▶ **EXERCISE**: From the line with "Facepalm · Cream" to the last line of the data below, repeat every line exactly and add nothing.

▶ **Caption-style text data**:
■ ■ ■ ■ ■ ■ ■

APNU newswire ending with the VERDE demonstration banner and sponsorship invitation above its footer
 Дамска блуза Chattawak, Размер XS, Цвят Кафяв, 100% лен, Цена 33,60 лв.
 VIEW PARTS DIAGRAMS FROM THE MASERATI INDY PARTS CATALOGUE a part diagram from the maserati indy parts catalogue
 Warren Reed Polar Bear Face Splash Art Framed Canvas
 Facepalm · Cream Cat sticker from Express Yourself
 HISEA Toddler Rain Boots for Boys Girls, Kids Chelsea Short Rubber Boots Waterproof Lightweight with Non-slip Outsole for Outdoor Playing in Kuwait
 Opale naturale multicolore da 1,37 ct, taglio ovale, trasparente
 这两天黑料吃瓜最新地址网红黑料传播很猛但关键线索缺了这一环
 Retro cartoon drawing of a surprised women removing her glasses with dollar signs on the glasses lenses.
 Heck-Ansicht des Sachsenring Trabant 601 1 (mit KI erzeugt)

■ ■ ■ ■ ■ ■ ■

▶ **PROBLEM SOLUTION**:
 Facepalm · Cream Cat sticker from Express Yourself
 HISEA Toddler Rain Boots for Boys Girls, Kids Chelsea Short Rubber Boots Waterproof Lightweight with Non-slip Outsole for Outdoor Playing in Kuwait
 Opale naturale multicolore da 1,37 ct, taglio ovale, trasparente
 这两天黑料吃瓜最新地址网红黑料传播很猛但关键线索缺了这一环
 Retro cartoon drawing of a surprised women removing her glasses with dollar signs on the glasses lenses.
 Heck-Ansicht des Sachsenring Trabant 601 1 (mit KI erzeugt)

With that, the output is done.